___ Record extracts ___
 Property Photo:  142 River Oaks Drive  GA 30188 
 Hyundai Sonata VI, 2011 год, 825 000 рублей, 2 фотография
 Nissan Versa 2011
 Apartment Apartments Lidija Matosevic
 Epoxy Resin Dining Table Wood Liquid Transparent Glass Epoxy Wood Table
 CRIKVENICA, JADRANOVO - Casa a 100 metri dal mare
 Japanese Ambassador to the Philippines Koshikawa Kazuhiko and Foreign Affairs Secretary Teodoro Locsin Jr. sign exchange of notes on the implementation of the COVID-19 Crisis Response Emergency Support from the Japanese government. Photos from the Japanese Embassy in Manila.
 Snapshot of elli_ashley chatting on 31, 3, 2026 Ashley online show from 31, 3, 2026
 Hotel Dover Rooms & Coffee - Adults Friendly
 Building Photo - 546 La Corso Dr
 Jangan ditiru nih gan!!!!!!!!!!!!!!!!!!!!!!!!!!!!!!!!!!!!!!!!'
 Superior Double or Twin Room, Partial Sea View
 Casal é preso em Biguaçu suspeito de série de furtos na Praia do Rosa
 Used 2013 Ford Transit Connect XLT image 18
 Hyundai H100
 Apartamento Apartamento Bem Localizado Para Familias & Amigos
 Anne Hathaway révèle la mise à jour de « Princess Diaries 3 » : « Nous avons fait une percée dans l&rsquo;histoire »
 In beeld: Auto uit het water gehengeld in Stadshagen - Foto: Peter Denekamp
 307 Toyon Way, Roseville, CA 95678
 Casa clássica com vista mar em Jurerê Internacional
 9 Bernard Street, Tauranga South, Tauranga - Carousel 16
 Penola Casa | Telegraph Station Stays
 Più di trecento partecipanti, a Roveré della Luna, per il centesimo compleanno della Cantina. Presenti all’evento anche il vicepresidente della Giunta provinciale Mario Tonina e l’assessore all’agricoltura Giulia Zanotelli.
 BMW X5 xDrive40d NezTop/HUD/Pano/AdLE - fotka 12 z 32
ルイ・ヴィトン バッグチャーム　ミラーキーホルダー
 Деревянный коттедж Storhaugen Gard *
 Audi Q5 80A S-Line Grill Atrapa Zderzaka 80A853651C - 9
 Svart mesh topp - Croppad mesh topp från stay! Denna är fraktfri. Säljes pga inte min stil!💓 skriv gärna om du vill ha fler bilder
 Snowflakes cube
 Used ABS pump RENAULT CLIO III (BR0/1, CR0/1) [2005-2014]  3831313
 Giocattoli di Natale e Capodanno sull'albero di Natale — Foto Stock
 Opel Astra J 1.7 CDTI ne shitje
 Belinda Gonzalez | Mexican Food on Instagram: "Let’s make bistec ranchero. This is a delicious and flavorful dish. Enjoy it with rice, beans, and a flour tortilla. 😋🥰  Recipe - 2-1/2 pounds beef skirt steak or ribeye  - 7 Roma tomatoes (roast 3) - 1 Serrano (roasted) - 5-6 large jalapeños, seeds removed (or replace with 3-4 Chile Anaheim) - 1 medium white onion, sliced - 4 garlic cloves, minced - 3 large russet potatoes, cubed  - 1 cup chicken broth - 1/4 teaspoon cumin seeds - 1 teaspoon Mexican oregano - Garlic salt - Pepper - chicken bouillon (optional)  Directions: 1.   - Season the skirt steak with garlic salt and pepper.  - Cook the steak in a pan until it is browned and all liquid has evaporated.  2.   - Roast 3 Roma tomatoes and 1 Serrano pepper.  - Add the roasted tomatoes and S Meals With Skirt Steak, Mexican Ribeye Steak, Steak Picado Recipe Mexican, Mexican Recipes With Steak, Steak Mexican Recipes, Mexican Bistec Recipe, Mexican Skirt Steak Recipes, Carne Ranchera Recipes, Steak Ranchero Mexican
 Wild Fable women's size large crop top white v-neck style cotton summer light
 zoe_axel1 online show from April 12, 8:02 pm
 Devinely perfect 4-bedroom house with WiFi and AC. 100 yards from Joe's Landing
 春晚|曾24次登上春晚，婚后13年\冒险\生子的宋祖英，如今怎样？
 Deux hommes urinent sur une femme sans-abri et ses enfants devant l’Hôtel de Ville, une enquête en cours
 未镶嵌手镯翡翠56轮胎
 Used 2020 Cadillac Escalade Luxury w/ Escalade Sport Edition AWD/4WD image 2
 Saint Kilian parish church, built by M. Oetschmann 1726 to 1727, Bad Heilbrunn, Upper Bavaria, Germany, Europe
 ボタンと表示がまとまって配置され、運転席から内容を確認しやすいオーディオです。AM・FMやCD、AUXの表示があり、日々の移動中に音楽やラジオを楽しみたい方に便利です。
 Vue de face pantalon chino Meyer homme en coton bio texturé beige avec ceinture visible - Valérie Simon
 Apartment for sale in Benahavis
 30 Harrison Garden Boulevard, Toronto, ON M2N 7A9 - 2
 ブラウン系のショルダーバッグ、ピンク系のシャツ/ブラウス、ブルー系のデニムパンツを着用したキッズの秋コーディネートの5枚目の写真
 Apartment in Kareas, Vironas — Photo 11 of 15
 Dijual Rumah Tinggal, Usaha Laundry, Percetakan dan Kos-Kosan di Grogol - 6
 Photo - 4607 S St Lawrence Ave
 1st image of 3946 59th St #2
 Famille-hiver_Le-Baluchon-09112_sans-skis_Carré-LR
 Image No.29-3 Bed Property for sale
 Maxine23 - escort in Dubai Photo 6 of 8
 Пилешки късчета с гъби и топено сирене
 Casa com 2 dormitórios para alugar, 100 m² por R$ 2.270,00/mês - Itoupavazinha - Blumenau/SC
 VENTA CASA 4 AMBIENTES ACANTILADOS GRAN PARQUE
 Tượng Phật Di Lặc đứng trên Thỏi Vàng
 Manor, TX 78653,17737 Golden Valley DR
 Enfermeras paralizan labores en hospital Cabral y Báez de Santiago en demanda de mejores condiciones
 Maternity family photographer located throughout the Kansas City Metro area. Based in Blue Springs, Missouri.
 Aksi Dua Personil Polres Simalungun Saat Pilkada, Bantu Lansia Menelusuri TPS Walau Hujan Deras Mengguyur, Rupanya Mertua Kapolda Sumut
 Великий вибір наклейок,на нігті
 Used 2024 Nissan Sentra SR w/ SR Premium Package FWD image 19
___
- [Task objective]
The answer is the lines above between the line holding "Svart mesh topp" and the line holding "春晚|曾24次登上春晚，婚后13年\冒险\生子的宋祖英，如今怎样？", inclusive, each written out exactly, and no others.

- [Result]
 Svart mesh topp - Croppad mesh topp från stay! Denna är fraktfri. Säljes pga inte min stil!💓 skriv gärna om du vill ha fler bilder
 Snowflakes cube
 Used ABS pump RENAULT CLIO III (BR0/1, CR0/1) [2005-2014]  3831313
 Giocattoli di Natale e Capodanno sull'albero di Natale — Foto Stock
 Opel Astra J 1.7 CDTI ne shitje
 Belinda Gonzalez | Mexican Food on Instagram: "Let’s make bistec ranchero. This is a delicious and flavorful dish. Enjoy it with rice, beans, and a flour tortilla. 😋🥰  Recipe - 2-1/2 pounds beef skirt steak or ribeye  - 7 Roma tomatoes (roast 3) - 1 Serrano (roasted) - 5-6 large jalapeños, seeds removed (or replace with 3-4 Chile Anaheim) - 1 medium white onion, sliced - 4 garlic cloves, minced - 3 large russet potatoes, cubed  - 1 cup chicken broth - 1/4 teaspoon cumin seeds - 1 teaspoon Mexican oregano - Garlic salt - Pepper - chicken bouillon (optional)  Directions: 1.   - Season the skirt steak with garlic salt and pepper.  - Cook the steak in a pan until it is browned and all liquid has evaporated.  2.   - Roast 3 Roma tomatoes and 1 Serrano pepper.  - Add the roasted tomatoes and S Meals With Skirt Steak, Mexican Ribeye Steak, Steak Picado Recipe Mexican, Mexican Recipes With Steak, Steak Mexican Recipes, Mexican Bistec Recipe, Mexican Skirt Steak Recipes, Carne Ranchera Recipes, Steak Ranchero Mexican
 Wild Fable women's size large crop top white v-neck style cotton summer light
 zoe_axel1 online show from April 12, 8:02 pm
 Devinely perfect 4-bedroom house with WiFi and AC. 100 yards from Joe's Landing
 春晚|曾24次登上春晚，婚后13年\冒险\生子的宋祖英，如今怎样？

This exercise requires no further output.